As a state with many low socioeconomic areas and remote communities, Professor Black said removing barriers would help UTAS become truly a university for Tasmania.
"There are a whole range of things that are barriers so we systematically want to go after those," he said.
One of the major barriers for access to higher education in Tasmania is finance, and UTAS had already taken steps to tackle it.
Two years ago it established the University College, which provides applied learning in several vocational education industries, and offers an alternative pathway to university for those who may not meet entry requirements.
The University Colleges offers low-ATAR entry on a number of its courses, along with bridging courses such as the University Preparation Program (UPP) to help people take that step to tertiary education, through course credits.

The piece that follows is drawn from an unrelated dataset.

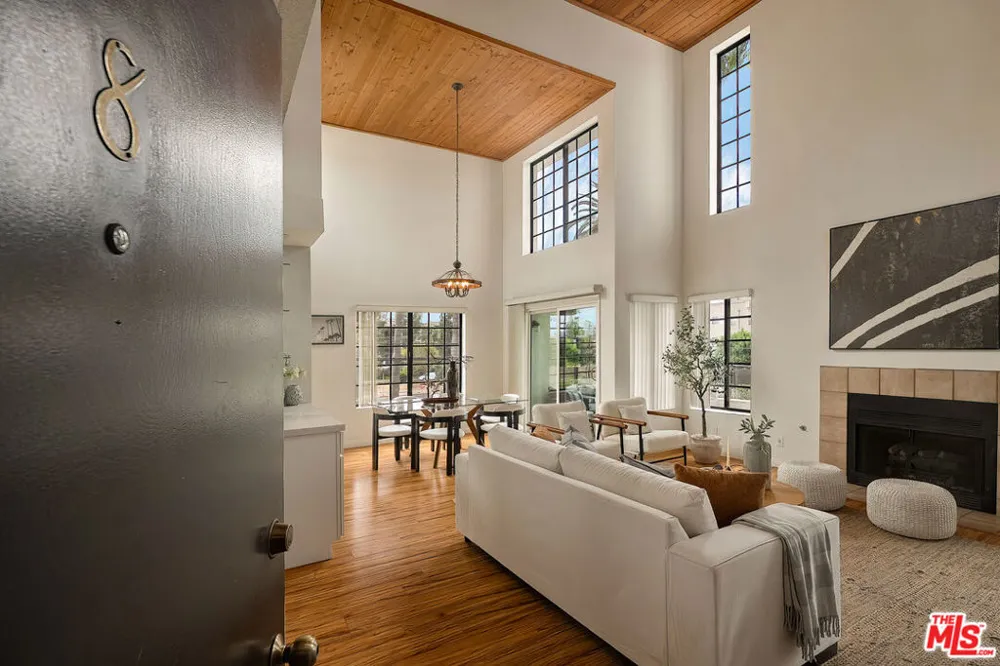4450 Kensington Road #8 Los Angeles, CA 90066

"We are evolving our model of how we assess financial need," Professor Black said.
"We also know that we need to have more local delivery, that is why we are getting the core models into more regional settings."
The University College's applied health course is now delivered on the North-West Coast, in Burnie.
Also, UTAS has spent the past nine months investigating its future expansion on the West Coast as part of a trial.
Programs that could be rolled out to the region include Children's University, an alumni strategy and short courses.
Professor Black said a good example of how they were tailoring courses to suit demand was the accelerated Bachelor of Business, run from Enterprize in Launceston.
"It's one of those things that we cater for locally, and it's working, in part because people want and need to get into the workforce sooner," he said.
"We need to deliver more flexibly - how do we get a better blend, because people have job or family commitments."
The University of Tasmania strategic plan was released last month and aims to provide a blueprint for the future of the university across Tasmania.